Small businesses drive Australia’s economy, but complex taxes and regulations make success harder than it needs to be. We need fairer, simpler rules to help businesses thrive.


Small businesses are the backbone of the Australian economy. They employ five million Australians, make up 97% of all businesses, and contribute a third of our GDP.

Yet, for too long, our tax and regulatory system has made running a business harder than it needs to be—simply because so much of it was designed for corporations with hundreds of employees, not a local business with 20.

When small businesses thrive, communities prosper, jobs are created, and innovation flourishes. But right now, our system discourages businesses from expanding and punishes success with unnecessary complexity and compliance costs.

I know this from personal experience, for example, when I managed a small family business looking to expand beyond the 15-employee payroll tax threshold.
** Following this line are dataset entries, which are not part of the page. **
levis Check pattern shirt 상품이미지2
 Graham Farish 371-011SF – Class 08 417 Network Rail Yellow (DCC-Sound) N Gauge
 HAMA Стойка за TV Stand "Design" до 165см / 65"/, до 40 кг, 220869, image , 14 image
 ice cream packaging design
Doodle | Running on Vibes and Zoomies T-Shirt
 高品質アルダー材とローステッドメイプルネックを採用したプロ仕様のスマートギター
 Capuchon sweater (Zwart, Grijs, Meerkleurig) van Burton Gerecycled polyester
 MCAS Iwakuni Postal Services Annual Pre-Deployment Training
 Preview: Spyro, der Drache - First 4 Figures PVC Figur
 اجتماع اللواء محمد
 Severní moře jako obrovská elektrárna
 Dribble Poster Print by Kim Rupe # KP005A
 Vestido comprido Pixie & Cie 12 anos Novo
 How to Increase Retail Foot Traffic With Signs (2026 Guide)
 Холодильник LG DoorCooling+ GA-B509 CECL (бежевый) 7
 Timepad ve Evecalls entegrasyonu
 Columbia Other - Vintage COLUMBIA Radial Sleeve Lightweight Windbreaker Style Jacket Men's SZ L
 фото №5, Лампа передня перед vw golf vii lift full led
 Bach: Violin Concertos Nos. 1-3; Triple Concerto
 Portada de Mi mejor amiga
For many small business owners, the barrier to success isn’t competition – it’s red tape.

Small businesses currently spend an average of $16,716 per year and 9.3 hours per week on compliance activities—including BAS, licensing, workforce, and sector-specific rules.

As someone who’s worked in finance and who’s spent a lot of time listening to the concerns of business owners in the area, I hear consistent themes emerge:

  • One-size-fits-all rules: A family business with 16 employees has the same industrial relations rules as a corporation with 200. Many small businesses avoid hiring beyond key thresholds to avoid triggering major compliance costs and red tape.
  • Complex tax and compliance: Small business owners are forced to navigate a maze of state and federal obligations—GST, BAS, PAYG, payroll tax, licensing—often with contradictory rules between states.
  • Growth penalties: Every small business owner is conscious of the thresholds that trigger additional compliance burdens (15 staff, $75,000 revenue, $10 million turnover).
  • No voice in regulation: Only 7% of small businesses believe government regulations are designed with them in mind. The rest feel they are left out of policy-making decisions, even when the rules directly affect them.

We need fairer, simpler rules for small business

Create a fairer small business definition

The current definition of “small business” (fewer than 15 employees) is outdated. I support the proposal made by Independent MP Allegra Spender to increase this to 25 employees – a change that would cut red tape for thousands of growing businesses.

In addition, I will work to:

  • Introduce scaled compliance obligations instead of arbitrary thresholds that trigger major regulatory burdens all at once. For example, businesses with 20-50 employees should have simplified workplace regulations compared to large firms.
  • Legislate amnesty periods to reduce penalties for non-compliance during the first 18 months of a new regulation or compliance requirement, giving business owners time to adjust.

Cut Red Tape

Only 7% of small businesses believe current regulations are designed with them in mind – and to a large extent, they’re right. We need to stop regulating small businesses like big corporations, which means:

  • Introduce a ‘Small Business Impact Statement’ for all new regulations, ensuring policymakers assess the cost burden on small businesses before passing laws.
  • Review regulations every five years, removing or updating rules that no longer serve a purpose.
  • Streamline compliance reporting, so small businesses only submit data once instead of duplicating reports across multiple agencies.
  • Require direct input from small business representatives on all relevant government policy.

Simplify Taxes

Right now, payroll tax rules vary wildly between states, making compliance a nightmare for small businesses. And there are a number of tax benefits that keep being extended temporarily, but never sustained. Small business owners have enough to worry about without having to figure out what taxes apply to them and what benefits they are eligible for.

  • Harmonise payroll taxes across the states: Push for a single national payroll tax framework to cut administrative costs and remove confusion about where wages are taxed.
  • Make the instant asset write-off permanent: To ensure businesses aren’t rushed to bring forward investments before arbitrary policy cut-off dates – and to continue supporting business innovation and technology adoption.

Anyone that’s run a business knows that simple changes can make big differences. Thoughtful, targeted, simple regulations make life easier and ensure everyone works to the required standard and plays by the same rules.

As an independent, with real experience working with businesses and investors, I’ll work hard to make sure our tax and compliance systems are as simple as possible to make it easier for those who start a business to succeed.